In mathematics, function is a mapping from input to output. In deep learning, the operator is the function that takes one or more tensors as input and produces one or more tensors as output.

Since the neural network can compute from two different directions: forward and backward, the operator also need to provide both forward and backward methods to perform the computation.

The forward method is used to compute the output of the operator. It takes the input tensors and returns the output tensors.

The backward method is used to compute the gradient of the output with respect to the input. It takes the gradient of the output tensor and returns the gradient of the input tensors.

Implement Operator

The source code of the Operator class can be found in the operator.py file.

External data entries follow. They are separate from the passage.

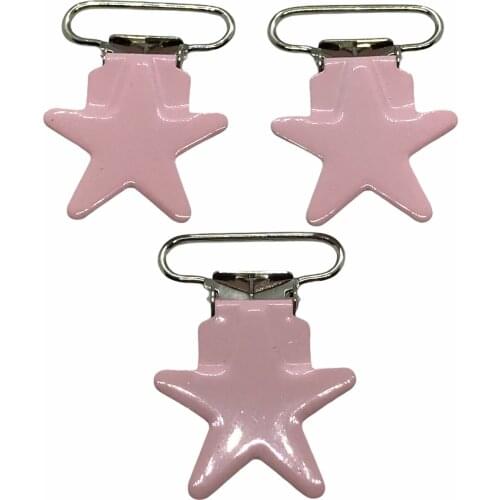 25pcs 1'' 25mm #35 POWDER PINK COLOR Star Shaped Pacifier Clips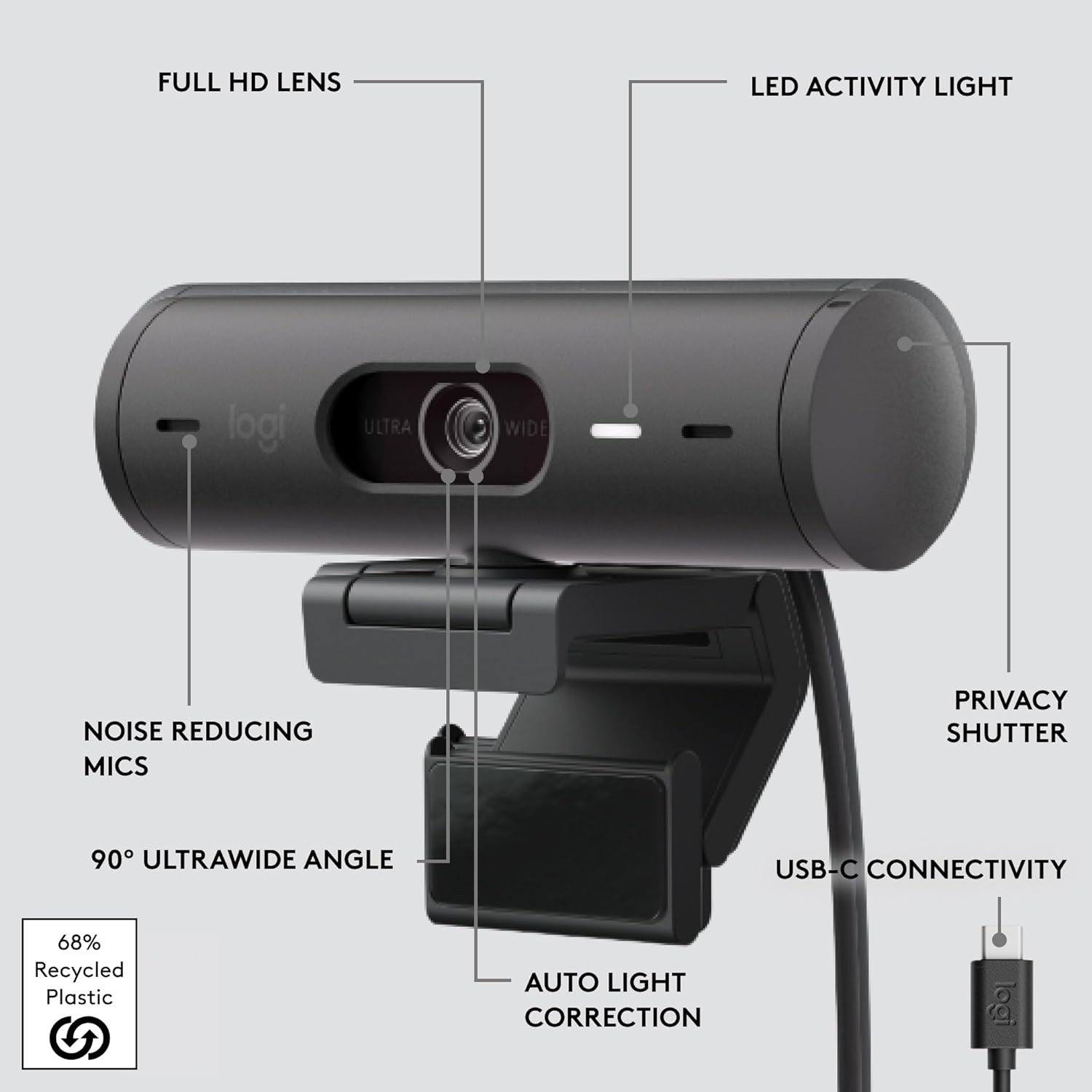 Logitech Webcam Brio 501 Full HD Webcam w/ Auto Light Correction Black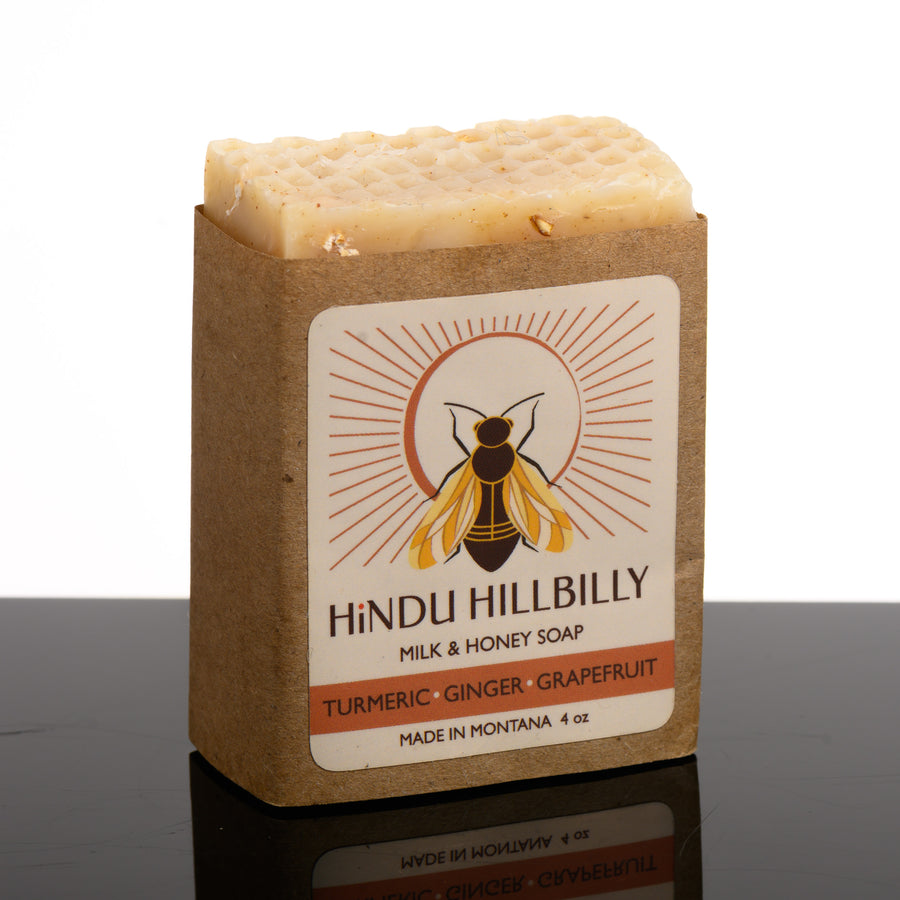 Turmeric Grapefruit and Ginger Milk and Honey Soap, handmade in Montana USA by Hindu Hillbilly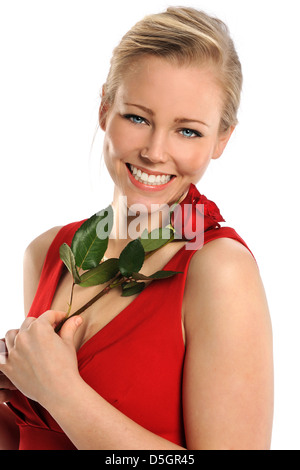Portrait of beautiful woman holding red rose isolated over white background Stock Photo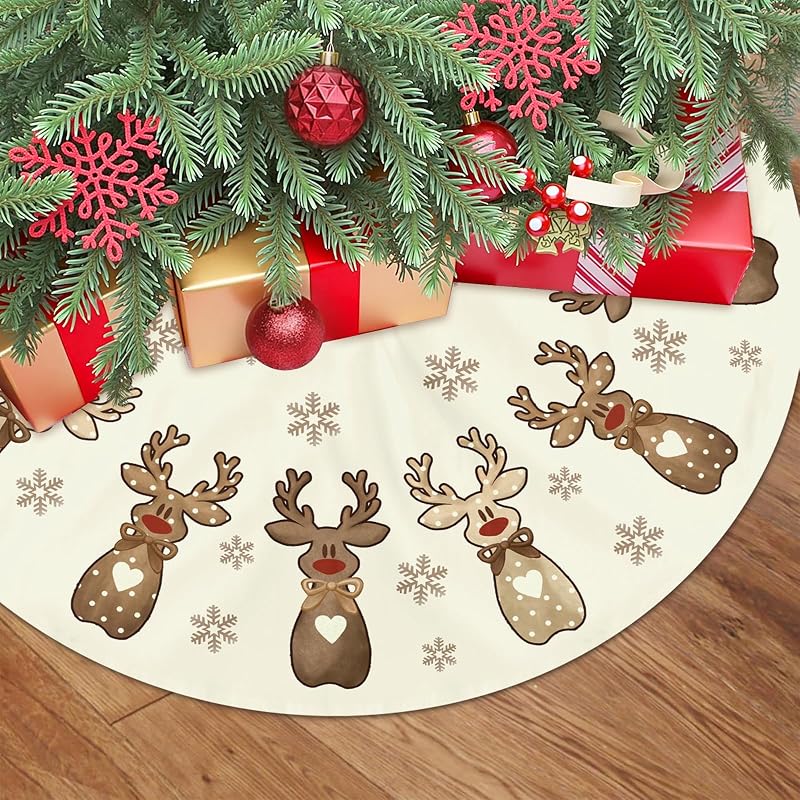 Reindeer Snowflakes Christmas Tree Skirt 36 Inch – Cream Brown Polka Dot with Heart Bow (Variation: Reindeer Snowflakes+36 Inch)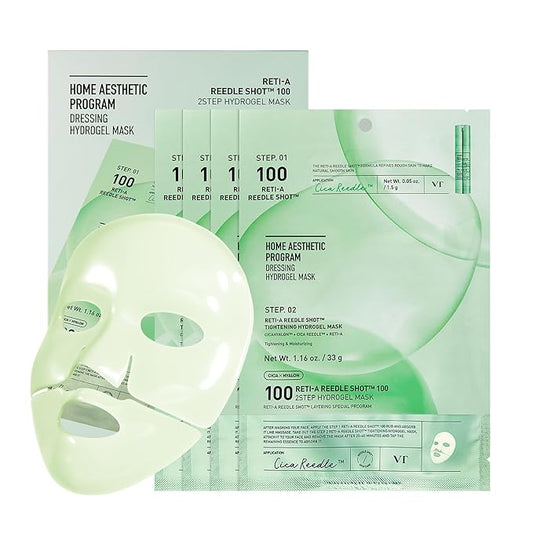 VT COSMETICS Reti-A Reedle Shot 100 2-Step Hydrogel Mask(34.5gx4ea), Intensive Tightening, Exosome Retinol, Overnight Melting Mask, Ideal for Retinol Beginners, Korean Facial Mask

Here is the simplified version of the Operator class:

class Operator:
def forward(self, *inputs):
# do some forward computation here
pass

def backward(self, *output_grads):
# do some backward computation here
pass

def __call__(self, *inputs):
return self.forward(*inputs)

To readers who are not familiar with the __call__ method, it allows the operator instance to be called like a function. For example, add_op = Add() and add_op(a, b) is equivalent to add_op.forward(a, b).

Usage of Operator

A computational graph can have multiple operators instances of same type. For example, there are multiple Add operators in the graph.

a = torch.tensor(1.0)
b = torch.tensor(2.0)
c = torch.add(a, b)
d = torch.add(c, b)

You can notice that in previous section, we defined a Add operator class, but we didn't use it to create an operator instance and call it. This is because for user's convenience, helper functions like torch.add is provided to create an operator instance and call it in one line. It equals to:

def add(a, b):
return Add()(a, b)

In this case, the creator of tensors c and d are different torch.add operator instances. This is because each operator instance takes different input tensors, in different positions of the computational graph. So only different operator instances can exactly represent the different nodes in the computational graph. Luckily, each time you call torch.add, a new Add operator instance will be created. The framework automatically handles this for you.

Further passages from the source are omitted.